### [Exercise input]
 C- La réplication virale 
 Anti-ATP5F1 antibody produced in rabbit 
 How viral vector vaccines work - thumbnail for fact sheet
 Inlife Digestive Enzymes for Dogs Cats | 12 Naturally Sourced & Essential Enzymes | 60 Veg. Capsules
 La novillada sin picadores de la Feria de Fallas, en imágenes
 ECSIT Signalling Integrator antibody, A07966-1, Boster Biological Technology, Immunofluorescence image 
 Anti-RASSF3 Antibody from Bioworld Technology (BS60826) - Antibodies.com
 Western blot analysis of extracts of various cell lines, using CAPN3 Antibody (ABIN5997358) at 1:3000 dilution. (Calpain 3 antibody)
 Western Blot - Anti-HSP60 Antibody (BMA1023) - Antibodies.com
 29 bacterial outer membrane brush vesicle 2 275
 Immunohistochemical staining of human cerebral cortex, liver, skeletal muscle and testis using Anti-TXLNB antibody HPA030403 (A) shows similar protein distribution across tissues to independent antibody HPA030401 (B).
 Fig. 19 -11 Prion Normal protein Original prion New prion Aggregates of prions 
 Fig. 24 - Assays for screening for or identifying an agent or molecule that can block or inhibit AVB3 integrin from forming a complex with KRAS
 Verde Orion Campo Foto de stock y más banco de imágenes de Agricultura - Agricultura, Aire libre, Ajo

### [Work task]
Wherever a line of the listing above contains the string "Technology", copy that line.

### [Final answer]
 ECSIT Signalling Integrator antibody, A07966-1, Boster Biological Technology, Immunofluorescence image 
 Anti-RASSF3 Antibody from Bioworld Technology (BS60826) - Antibodies.com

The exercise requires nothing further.